• Data shown:
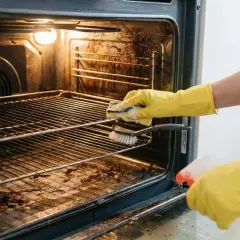 Jak wyczyścić piekarnik? Soda, ocet, pyroliza pełny poradnik.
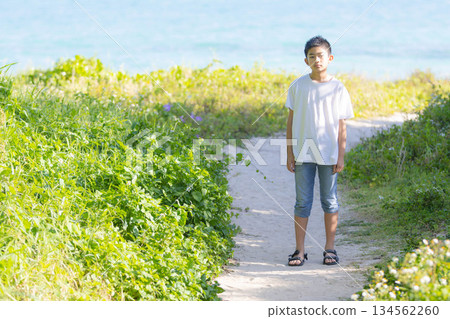沖繩海與少年 134562260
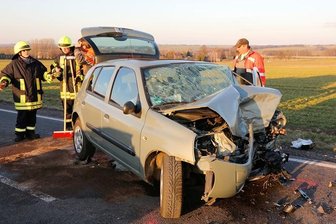 Schwerer Unfall auf der B 107 - 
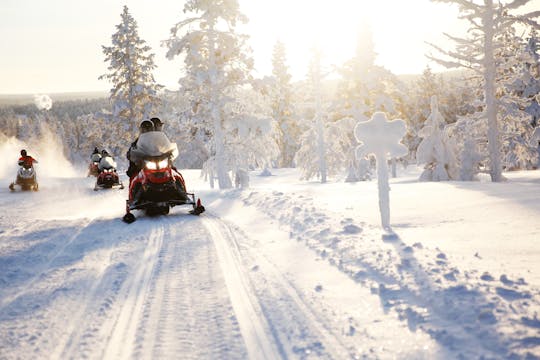Safari em motos de neve com visita à fazenda de husky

• What to produce:
Set down all of the material above exactly as written, leaving the pictures out.

• Result below:
 Jak wyczyścić piekarnik? Soda, ocet, pyroliza pełny poradnik.
沖繩海與少年 134562260
 Schwerer Unfall auf der B 107 - 
Safari em motos de neve com visita à fazenda de husky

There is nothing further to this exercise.